娄兰感觉到了律政掌心的温度,“你别烦我。”没有躲,也躲不掉。
“把汤喝了再睡。”这么乖,乖的自己拿她没办法。
娄兰脑子清醒了一下,可不觉得他会熬汤。动了动,“真有汤喝啊?”
“小时工熬的,快点儿喝了。”从被窝里把人给拉了出来。
本来叫了外卖的,她现在的样子显然吃着不合适。刚又叫了小时工过来,不然,还真的没的喝。
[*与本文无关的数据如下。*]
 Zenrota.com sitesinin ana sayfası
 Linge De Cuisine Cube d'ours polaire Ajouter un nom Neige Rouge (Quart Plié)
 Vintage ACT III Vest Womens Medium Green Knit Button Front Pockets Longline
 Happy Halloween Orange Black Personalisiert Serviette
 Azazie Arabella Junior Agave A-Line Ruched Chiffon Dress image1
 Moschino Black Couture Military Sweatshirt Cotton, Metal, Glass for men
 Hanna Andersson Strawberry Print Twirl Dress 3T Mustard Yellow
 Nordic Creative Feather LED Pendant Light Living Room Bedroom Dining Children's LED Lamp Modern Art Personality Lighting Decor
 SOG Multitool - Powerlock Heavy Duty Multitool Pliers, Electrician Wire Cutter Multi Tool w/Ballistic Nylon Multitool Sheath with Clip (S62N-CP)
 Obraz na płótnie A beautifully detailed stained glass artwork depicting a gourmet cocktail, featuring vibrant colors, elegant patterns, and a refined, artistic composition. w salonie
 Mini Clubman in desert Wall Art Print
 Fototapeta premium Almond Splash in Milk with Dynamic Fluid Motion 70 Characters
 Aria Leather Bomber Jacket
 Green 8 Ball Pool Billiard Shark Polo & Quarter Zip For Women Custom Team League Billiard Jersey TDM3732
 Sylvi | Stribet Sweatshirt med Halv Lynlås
就说吧,他一个大少爷,给自己洗手做羹汤怎么可能呢。半睁着眼,接过了碗,咚,咚地喝了下去。“你出去吧,让我这个完蛋货再睡一会儿。”
“睡吧,有事叫我。”
“哦。”一下就滑进了被子里。
律政出门上楼,坐下想了想不行。干脆抱着电脑再一次回到了娄兰的房间。
第二天。
“春蕾,你进来一下。”
一大早的律政就叫秘书长春蕾进了自己的办公室。
“总裁,有什么吩咐?”
律政放下手里的文件,坐了下来,“去做个宣传,组织人义务献血。”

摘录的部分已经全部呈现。